On June 10, the Senate Indian Affairs Committee held a hearing, “Addressing the Need for Victim Services in Indian Country.”
“AI/AN [American Indian and Alaska Native] women experience the highest rates of sexual assault and domestic violence in the nation…The rate of sexual violence victimization among Alaska Native Women was at least seven times the non-native rate. On average, in 2003-2004 an Alaska Native female became a victim of reported sexual assault or of child sexual abuse every 29.8 hours. The isolation of villages and the inability to easily access tribal communities further create vulnerabilities of re-victimization for Alaska Natives,” stated Darren Cruzan, director, Office of Justice Services, Bureau of Indian Affairs.

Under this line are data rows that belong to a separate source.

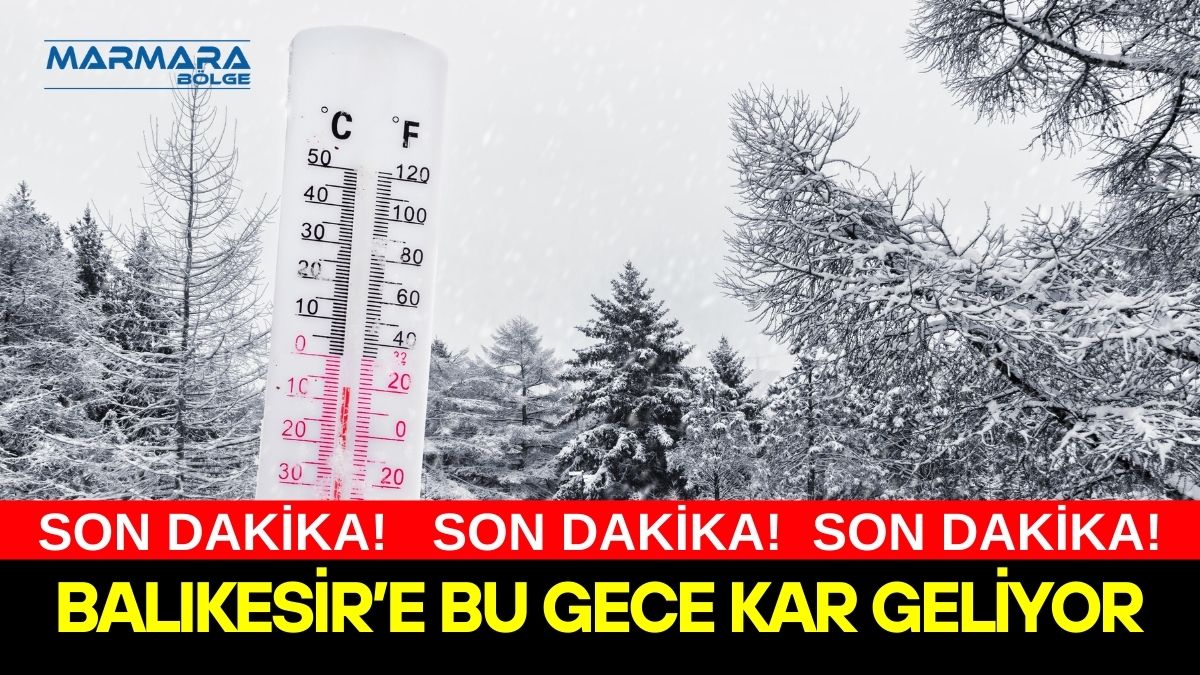 Balıkesir’de hava sıcaklıkları gece saatlerinde 1 dereceye kadar düşerken, Meteoroloji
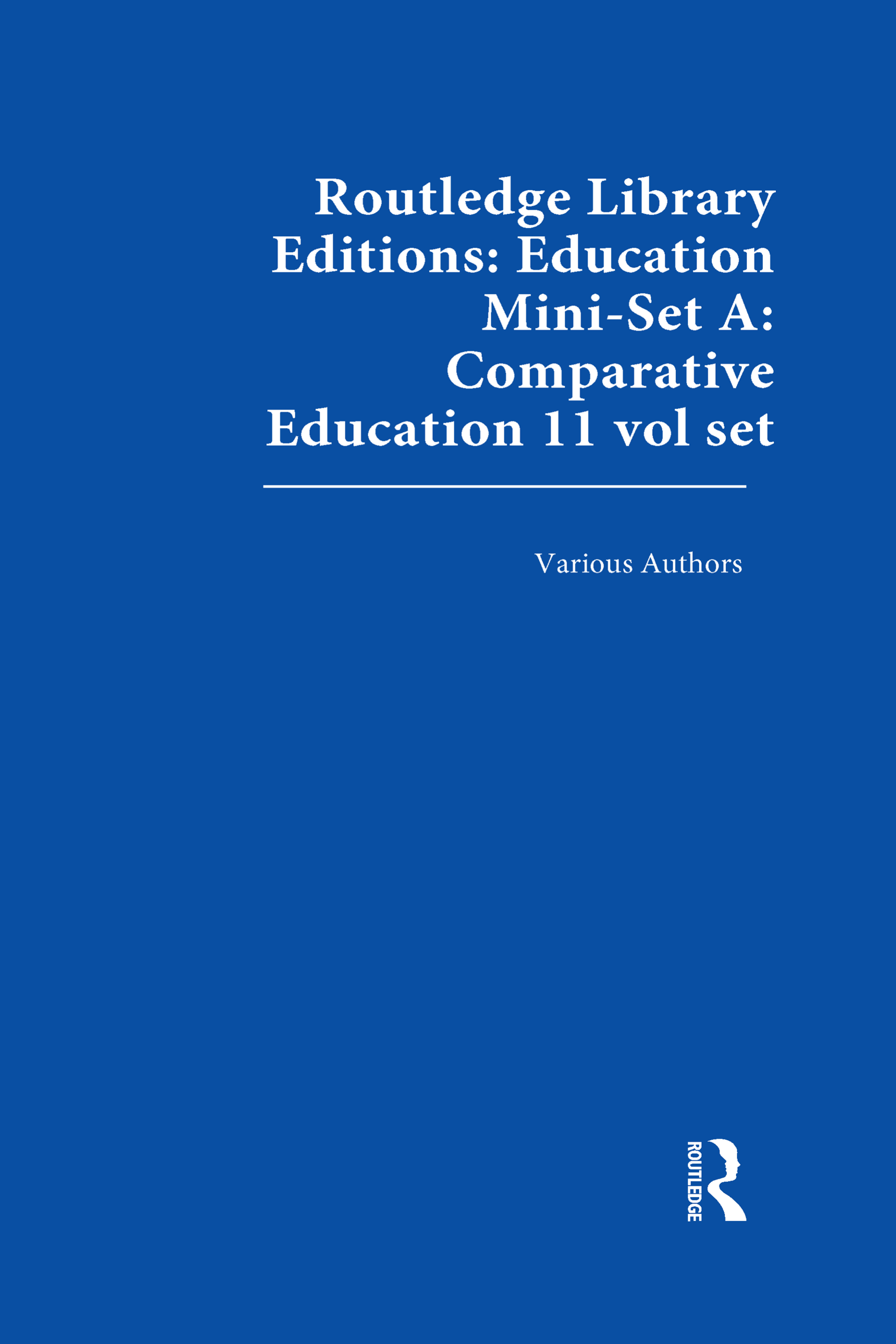 Boekomslag van Routledge Library Editions: Education Mini-set A: Comparative Education 11 Vol Set door Various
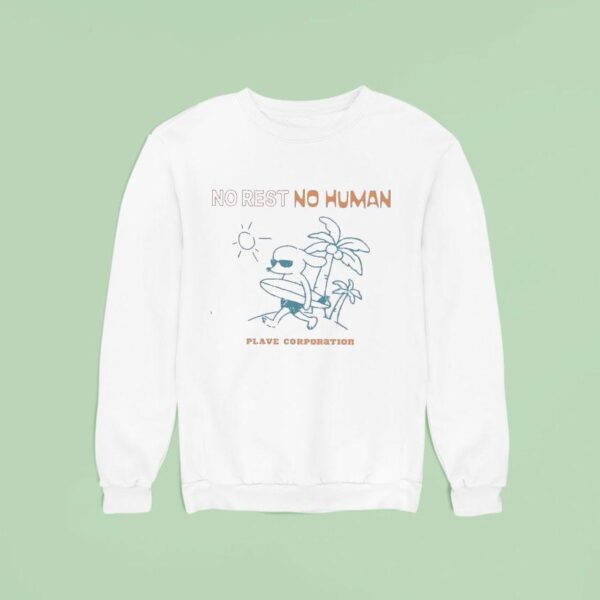 Surfing No Rest No Human Plave Corporation Sweatshirt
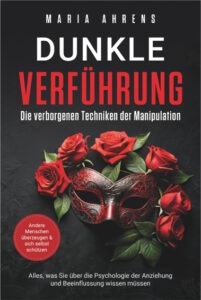 Dunkle Verführung: Manipulation erkennen und sich schützen | Generationengespräch Buch „Dunkle Verführung – Die verborgenen Techniken der Manipulation“ über Psychologie, Beeinflussung, Körpersprache und Manipulation erkennen.
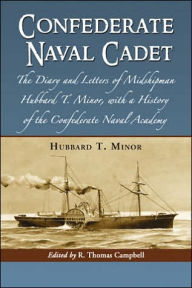 Confederate Naval Cadet: The Diary and Letters of Midshipman Hubbard T. Minor, with a History of the Confederate Naval Academy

A.T. Stafne, chair, Assiniboine and Sioux Tribes of the Fort Peck Reservation, stated, “Given the strong foundation of our court and the Tribal Council’s desire to combat domestic violence with every tool possible, the Tribes elected to pursue the opportunity presented by the Violence Against Women Act [P.L. 113-4] and exercise our inherent jurisdiction to prosecute non-Indian defendants who commit domestic violence on our reservation. We did this because this is simply another avenue to provide justice to the victims. We think providing justice to victims is an important step in providing them a pathway to heal and move on with their lives.” He continued, “The Fort Peck Tribes were also recently notified that we are now a Substantially Implemented Tribe under the Adam Walsh Act and the Sex Offender Registry and Notification Act [P.L. 109-248]…Our ability to register sex offenders is another important tool in protecting victims and potential victims.”